La protéine délétée, ou progérine, ne peut subir un clivage protéolytique. Elle conserve de ce fait son groupement isoprénoïde farnésyl et reste ancrée aux membranes, alors que la lamine A normale perd par clivage ce groupement (Navarro et al., 2006), et prend sa place normale dans la physiologie de fonctionnement du noyau.

Dans autre syndrome progéroïde létal dans la période périnatale, la dermopathie restrictive, notre équipe a découvert qu’une mutation du gène LMNA ou du gène de la protéase ZMPSTE24/FACE1 conduit à la persistance du groupement farnésyl de la prélamine A et aux mêmes conséquences physiopathologiques (Navarro et al., 2006).

La présence de progérine, sa localisation anormale dans le noyau et la désorganisation de la matrice nucléaire qu’elle entraîne a pour conséquence au moins trois dysfonctionnements majeurs dans le fonctionnement cellulaire :

1/ la division cellulaire est ralentie, l’activité de la télomérase qui rallonge après chaque division cellulaire l’extrémité des télomères est perturbée, ce qui perturbe le renouvellement cellulaire, en particulier celui des cellules souches.

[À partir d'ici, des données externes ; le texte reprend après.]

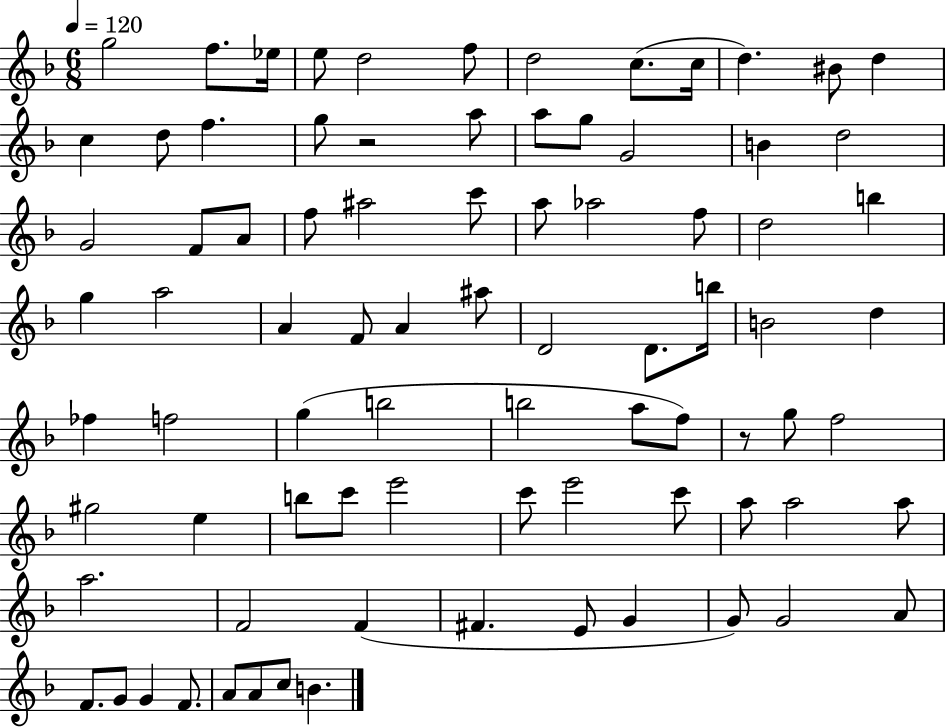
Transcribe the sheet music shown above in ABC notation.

X:1
T:Untitled
M:6/8
L:1/4
K:F
g2 f/2 _e/4 e/2 d2 f/2 d2 c/2 c/4 d ^B/2 d c d/2 f g/2 z2 a/2 a/2 g/2 G2 B d2 G2 F/2 A/2 f/2 ^a2 c'/2 a/2 _a2 f/2 d2 b g a2 A F/2 A ^a/2 D2 D/2 b/4 B2 d _f f2 g b2 b2 a/2 f/2 z/2 g/2 f2 ^g2 e b/2 c'/2 e'2 c'/2 e'2 c'/2 a/2 a2 a/2 a2 F2 F ^F E/2 G G/2 G2 A/2 F/2 G/2 G F/2 A/2 A/2 c/2 B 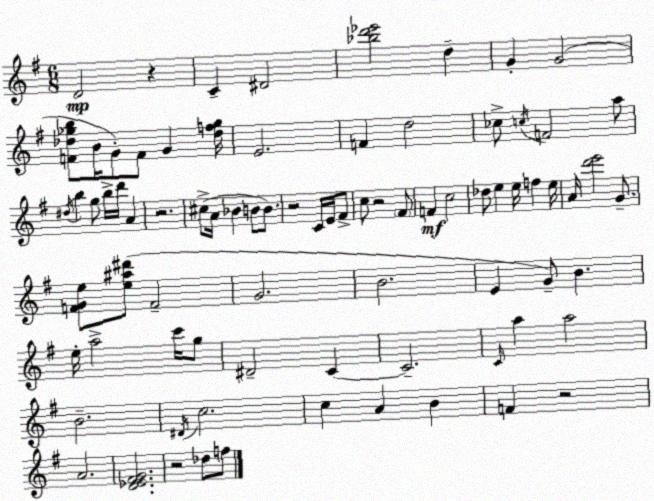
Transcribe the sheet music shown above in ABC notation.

X:1
T:Untitled
M:6/8
L:1/4
K:G
D2 z C ^D2 [_bd'_e']2 d G G2 [F_d_gb]/2 B/4 G/2 F/2 G [_df_g]/4 E2 F d2 _c/2 c/4 F2 a/2 ^d/4 b g/2 b/4 d'/4 A z2 ^c/2 A/4 _B B/2 B/2 z2 C/4 E/4 ^F/2 c/2 z2 ^F/2 F c2 _d/2 e e/4 f e/4 A/4 [d'e']2 G/2 [FGe]/2 [e^a^d']/2 F2 G2 B2 E G/2 B e/4 a2 c'/4 g/2 ^D2 C C2 C/4 a a2 B2 ^D/4 c2 c A B F z2 A2 [D_E^FG]2 z2 _d/2 f/2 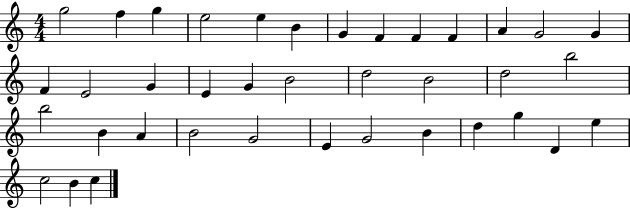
{
  \clef treble
  \numericTimeSignature
  \time 4/4
  \key c \major
  g''2 f''4 g''4 | e''2 e''4 b'4 | g'4 f'4 f'4 f'4 | a'4 g'2 g'4 | \break f'4 e'2 g'4 | e'4 g'4 b'2 | d''2 b'2 | d''2 b''2 | \break b''2 b'4 a'4 | b'2 g'2 | e'4 g'2 b'4 | d''4 g''4 d'4 e''4 | \break c''2 b'4 c''4 | \bar "|."
} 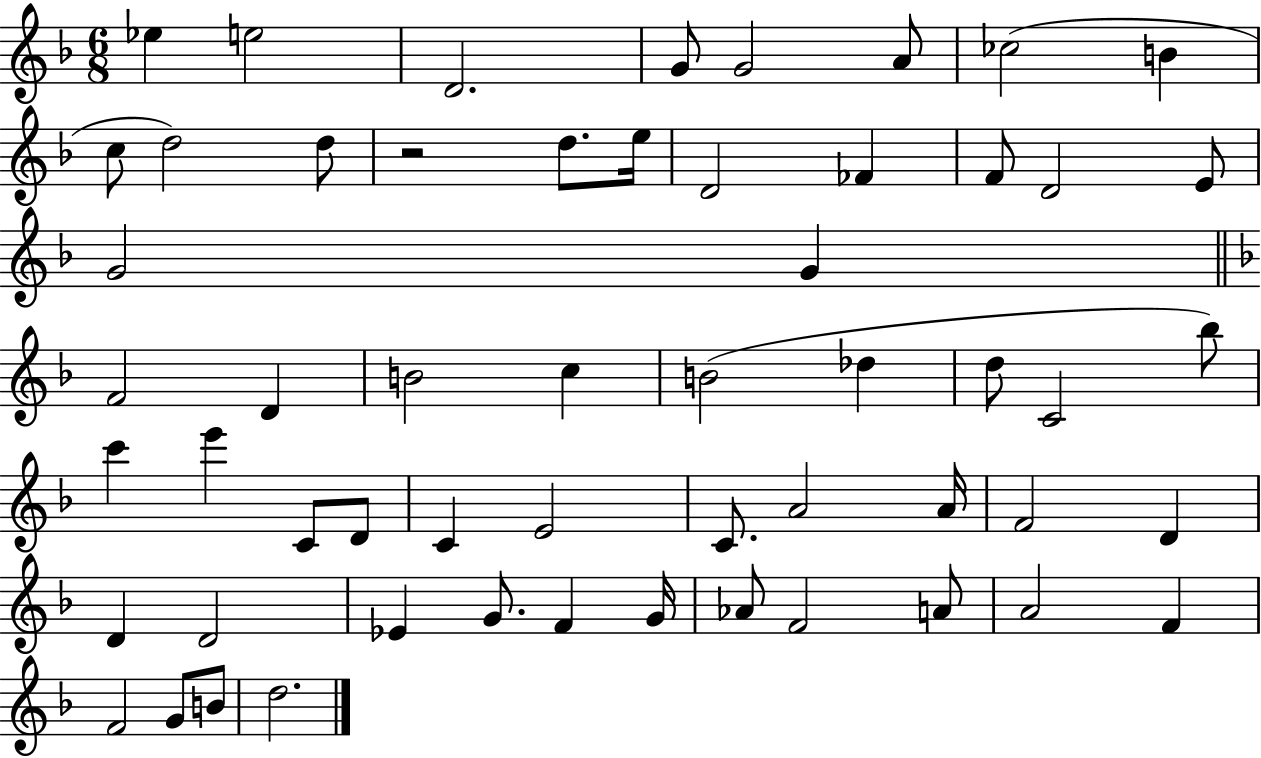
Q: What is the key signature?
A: F major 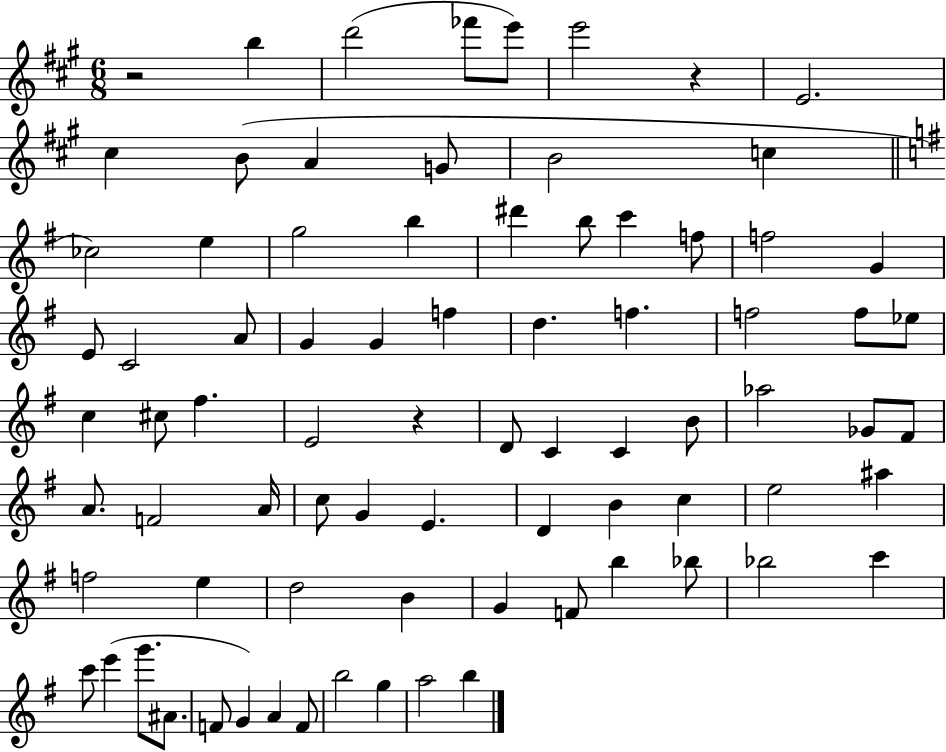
R/h B5/q D6/h FES6/e E6/e E6/h R/q E4/h. C#5/q B4/e A4/q G4/e B4/h C5/q CES5/h E5/q G5/h B5/q D#6/q B5/e C6/q F5/e F5/h G4/q E4/e C4/h A4/e G4/q G4/q F5/q D5/q. F5/q. F5/h F5/e Eb5/e C5/q C#5/e F#5/q. E4/h R/q D4/e C4/q C4/q B4/e Ab5/h Gb4/e F#4/e A4/e. F4/h A4/s C5/e G4/q E4/q. D4/q B4/q C5/q E5/h A#5/q F5/h E5/q D5/h B4/q G4/q F4/e B5/q Bb5/e Bb5/h C6/q C6/e E6/q G6/e. A#4/e. F4/e G4/q A4/q F4/e B5/h G5/q A5/h B5/q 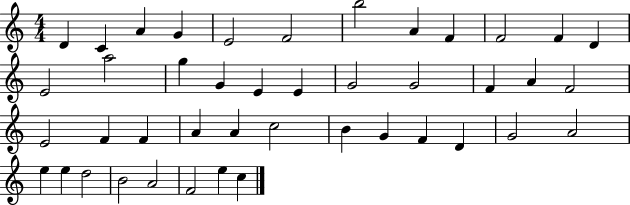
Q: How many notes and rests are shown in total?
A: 43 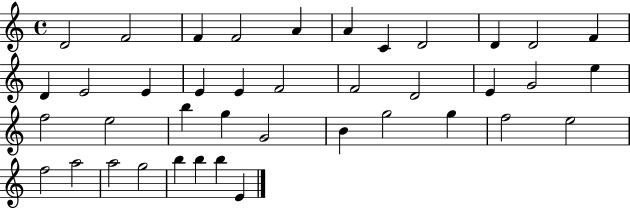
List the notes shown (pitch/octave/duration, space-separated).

D4/h F4/h F4/q F4/h A4/q A4/q C4/q D4/h D4/q D4/h F4/q D4/q E4/h E4/q E4/q E4/q F4/h F4/h D4/h E4/q G4/h E5/q F5/h E5/h B5/q G5/q G4/h B4/q G5/h G5/q F5/h E5/h F5/h A5/h A5/h G5/h B5/q B5/q B5/q E4/q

2/ la réparation du matériel génétique nécessite également une organisation des chromosomes et de la machinerie enzymatique qui dépend en grande partie de la matrice nucléaire. La réparation de l’ADN ne peut s’effectuer avec la même efficacité que dans les noyaux dépourvus de progérine.

3/ la synthèse protéique, qui dépend également de la bonne organisation de la matrice nucléaire, est perturbée en présence de progérine.